After reviewing and taking a quiz on our syllabus and understanding the many detailed writing assignments we would be asked to do over the many months until June 14, 2015, was when I could said it had finally hit me.
Everything wasn’t going to be like it used to be! After the few short lessons we did have on punctuation and grammar thereafter my true insufficiency was put to the test. We had been assigned to write an essay on what we thought “begin with the end in mind” meant. Just as I had the same confidence in turning in papers in my tenth grade English class was what had followed me then, with the hopes of getting an “A” as
usual. At that point was when I could say I had reached my literacy demise. I was so used to receiving what I thought; more like what I knew was accurate but that had been now changed by not one but two whole letter grades.
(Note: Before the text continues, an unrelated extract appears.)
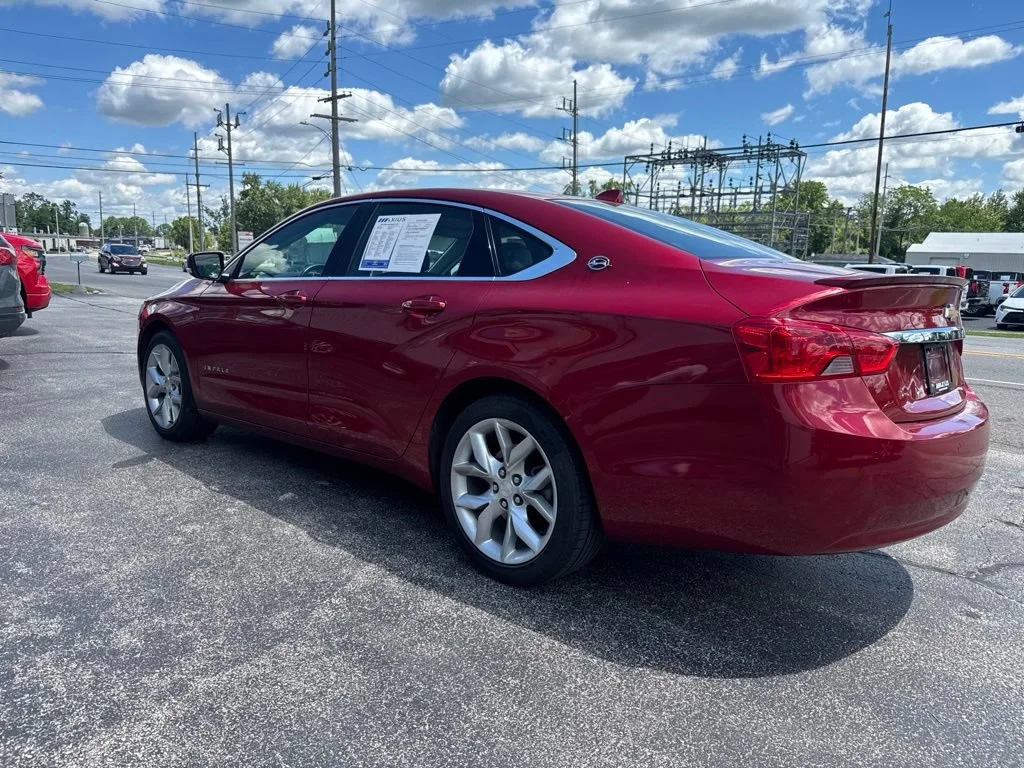 Used 2014 Crystal Red Tintcoat Chevrolet LT image 5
I was barely making a “C,” receiving the highest of a seventy-one percent. Going home confused and in tears my mind demanded answers. I could never begin to understand how I could come from perfection to failure. I felt it was no way in this universe I, Shakira Brown could barely maintain making a low “C!” After the continuing downhill spiral I was already making a “D” in the class five weeks in. I sought answers! While receiving help I had realized that I wasn’t properly taught or trained on numerous things I needed to know for that class. These had now become the main pieces that my papers had begun to lack greatly. My life had now become a 2,000 piece jigsaw puzzle that had been taking apart and the pieces had now become a unsolvable mystery. In due time I had come to learn that being complacent and not caring was not going to change this situation. In order to learn, grow I had to realize that sacrificing would be a crucial stage. I had decided that two major changes that had to be made in my life. Inwardly I started to look at the class differently not viewing as hard or a waste of time but; I viewed it as a challenge I was willing to take to better me as an honors English student. The second major adjustment was to become more self-efficient. I learned that the only person to blame was myself not the tenth grade English teacher nor the eleventh grade one. These changes had now bettered me as a student. Though I had never made it back to making “A’s” I did what was manageable and learned a lot through the way.